Даже самые молодые держались крайне серьезно и напряженно. Все присутствующие либо были женаты, либо собирались жениться в скором времени; сидевшим тут же нескольким преподавателям женского пола брак уже явно не грозил. И только он, Жан Кальме, соперничал в любви к студентке Школы изобразительных искусств с одним из собственных учеников. Шум в зале. Грохот отодвигаемых стульев. Ровно в восемь часов четырнадцать минут вошел директор, и в зале настала мертвая тишина. Господин Грапп уселся за большой стол в президиуме, среди деканов. Секретарь деловито раскладывал свои бумаги.
* * *
Господин Грапп вел собрание громким уверенным голосом, и воспоминание о недавнем подвиге придавало его речам еще большую убедительность. По мере того как он говорил, разбирая случившееся, анализируя обстоятельства, оценивая реакцию властей и участников события, его магическое воздействие на аудиторию заставляло утихнуть самых ярых скептиков-леваков; смешки и остроты мало-помалу сменялись озабоченностью. Грапп был депутатом Государственного совета, полковником генерального штаба, он умел подчинять себе слушателей, а его внушительная стокилограммовая фигура (вдобавок он говорил стоя) окончательно подавляла собравшихся, отбивая у них охоту протестовать. Жан Кальме, с трудом скрывая панику под бесстрастной личиной, мысленно измерял ширину пропасти, отделявшей его от этого великана и большинства коллег. Все они стояли на страже порядка, не допускавшего ни малейших отклонений от нормы. "Что же я такое? — вопрошал себя Жан Кальме.

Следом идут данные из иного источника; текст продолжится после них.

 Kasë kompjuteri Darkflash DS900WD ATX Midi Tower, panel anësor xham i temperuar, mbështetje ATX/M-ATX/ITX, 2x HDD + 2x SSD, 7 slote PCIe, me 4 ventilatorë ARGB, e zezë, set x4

— Я блуждаю во мраке. Я путаюсь. Я сбиваюсь. Я теряюсь. За все это меня презирал отец.
Я люблю девочку, которая в два раза младше меня. Я оспариваю ее у собственного ученика. Одного этого достаточно, чтобы навеки покрыть себя позором перед моими товарищами и «священным синодом» Департамента образования. Да и девушка хороша! Вульгарна, распущенна, весьма свободного поведения. Нечего сказать, прекрасный выбор! Что же я делаю среди этих людей? Ведь я их обманываю. И буду за это наказан. Почему Грапп не сводит с меня глаз? Почему они все оборачиваются ко мне? Наверное, видят, что я боюсь. Наверное, я позеленел от страха, от сознания мерзости своих делишек. Хотя, собственно, чем они так уж мерзки? Терезе как-никак девятнадцать. Сам я холостяк. Разве это возбраняется законом?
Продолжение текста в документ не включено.